Datapipe
- Company type: Subsidiary
- Industry: IT Services
- Founded: 1998
- Headquarters: Jersey City, New Jersey, United States
- Area served: Worldwide
- Parent: Rackspace
- Website: www.datapipe.com

= Datapipe =

Datapipe was a provider of managed hosting services and data centers for information technology services and cloud computing with data centers in Somerset, New Jersey, San Jose, California, the United Kingdom, and China. The company was founded in 1998 and is headquartered in Jersey City, New Jersey. Since 2011, more data centers have been added, including in Ashburn, Virginia, Moscow, and Singapore.

==History==
In 1998, Robb Allen founded Datapipe with three employees. Originally based in Hoboken, NJ, the company started out providing both website design and hosting services. The company soundly weathered the dot.com bust, posting double digit growth every quarter. As the company grew, it focused on providing managed hosting services and began to expand its office space and data center facilities in the U.S., Europe, and Asia. Today the company claims to provide services to over 1000 clients, in industries including healthcare, pharmaceuticals, finance, SaaS, advertising, retail, media, and entertainment.

On September 11, 2017, Rackspace announced its intention to acquire Datapipe. The acquisition was completed on November 17, 2017.

==Services==
Under the umbrella of Datapipe Managed Cloud, the company offers managed services for Amazon Web Services including Elastic Compute Cloud (EC2), CloudFront, S3, and Relational Database Service (RDS). Datapipe established partnerships with technology companies. Datapipe provides application management, hosting, professional services and security services for mid- to large-sized organizations. These services include monitoring, diagnostics, and problem resolution; enabling of software as a service to independent software vendors; custom application management, and remote infrastructure management.

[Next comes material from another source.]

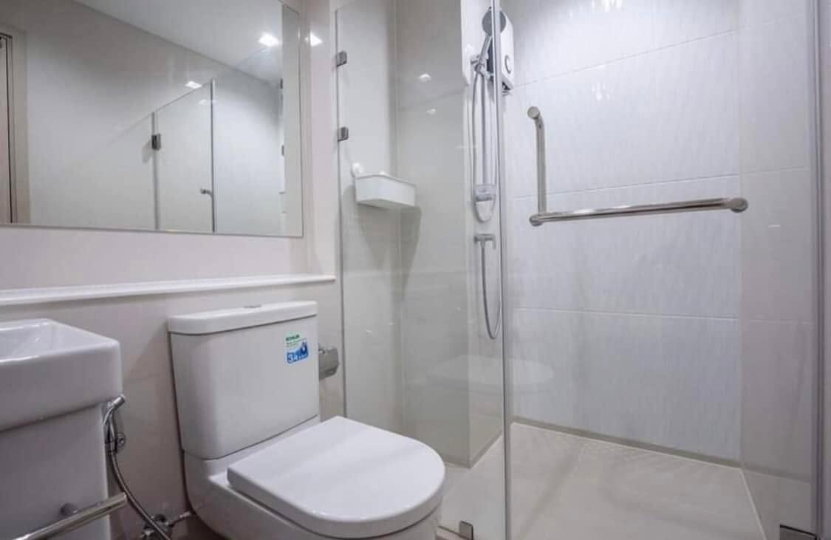 picture 📣For Rent: Life One Wireless (BTS Phloen Chit) 1bed Fully furnished, @onestepliving - 9/11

The company is a member of the PCI Security Standards Council, a Microsoft Gold Certified Partner, and an EPA Green Power Partner. Datapipe’s San Jose and Somerset One Data Centers complete an annual SAS 70 Type II (Statement on Auditing Standards No. 70) Audit.

In August 2007, Datapipe announced that it opened offices in Shanghai, China. This followed the opening of its Hong Kong office in December 2005.

In September 2007, Datapipe relocated its corporate headquarters to 10 Exchange Place, Jersey City, NJ.

In July 2008, Datapipe announced that it received $75 million in combined credit and equity financing led by Goldman Sachs. The company said it plans to use the money to support future growth and data center expansions.

In October 2009, Datapipe added more data center capacity in central New Jersey.

In April 2010, Datapipe announced that their Somerset data center would run on 100 percent renewable electricity, by purchasing Green-e Energy certified Renewable Energy Certificates through Constellation NewEnergy’s NewMix Wind energy program. The company touts energy conservation measures and powers its London data center on alternative energy.

On November 17, 2010, Datapipe announced Datapipe Managed Cloud for Amazon Web Services. In 2015 Datapipe opened an additional office in Singapore to further address growing demand for multi-platform services in Asia.